:: Dataset excerpt ::
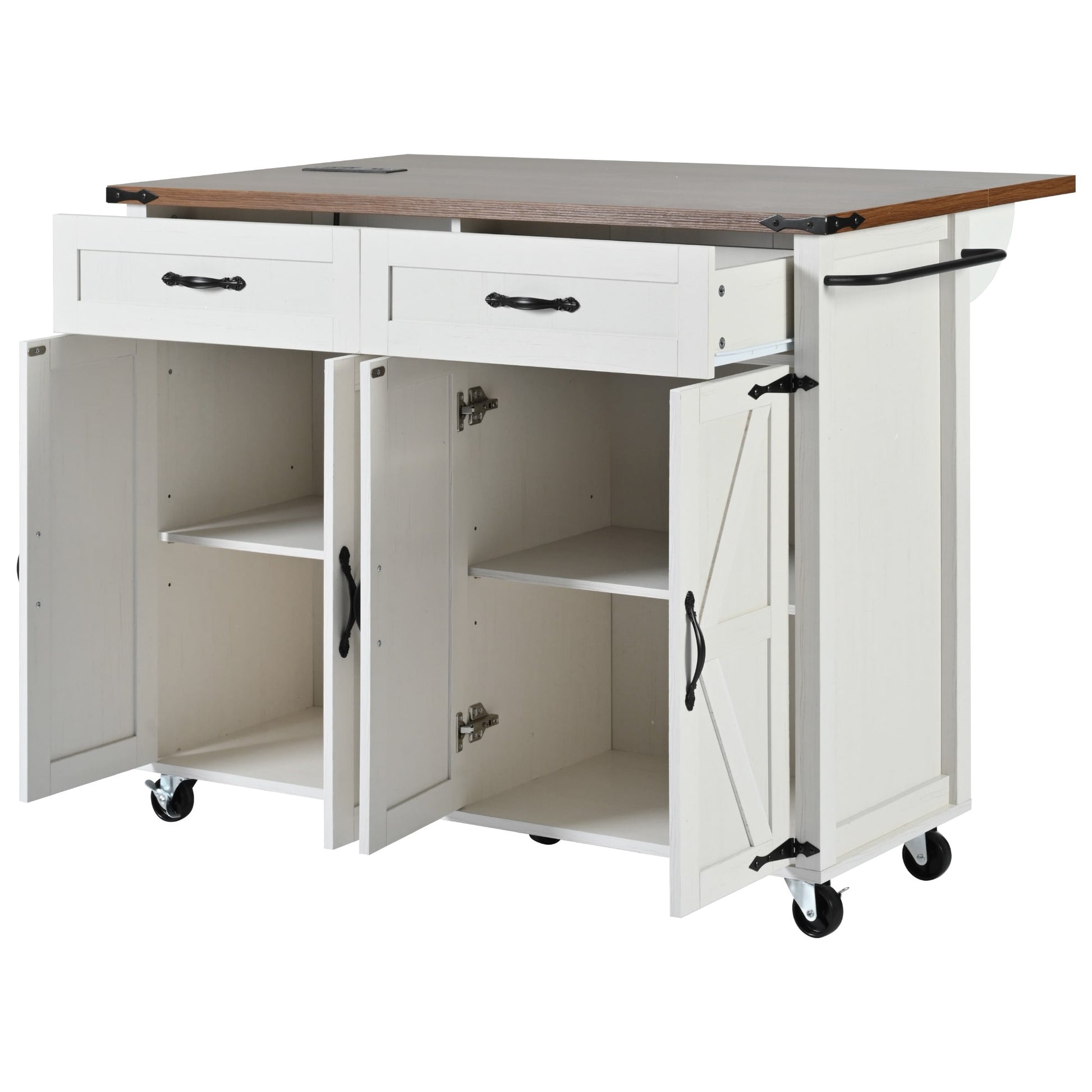 Best Selling Home Decor White MDF Base with MDF Rolling Kitchen Island ( 28.75-in x 53.5-in x 36.5-in )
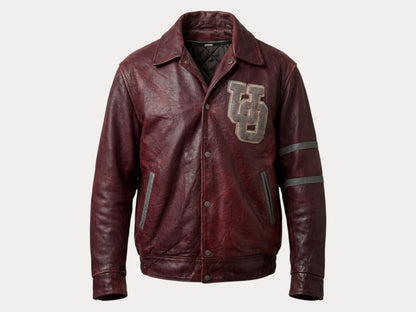 Size 44US / 54EU Vintage University of Ottawa Varsity Jacket — Maroon Leather Bomber — Canadian College Jacket 1970s-AJ357 Studio-AJ357 Studio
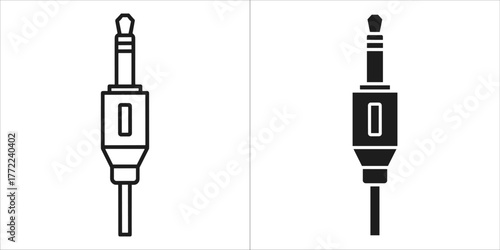 Audio jack plug vector icon in line and glyph style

:: Task objective ::
Output the data above in full. Skip every picture.

:: Response box ::
 Best Selling Home Decor White MDF Base with MDF Rolling Kitchen Island ( 28.75-in x 53.5-in x 36.5-in )
 Size 44US / 54EU Vintage University of Ottawa Varsity Jacket — Maroon Leather Bomber — Canadian College Jacket 1970s-AJ357 Studio-AJ357 Studio
 Audio jack plug vector icon in line and glyph style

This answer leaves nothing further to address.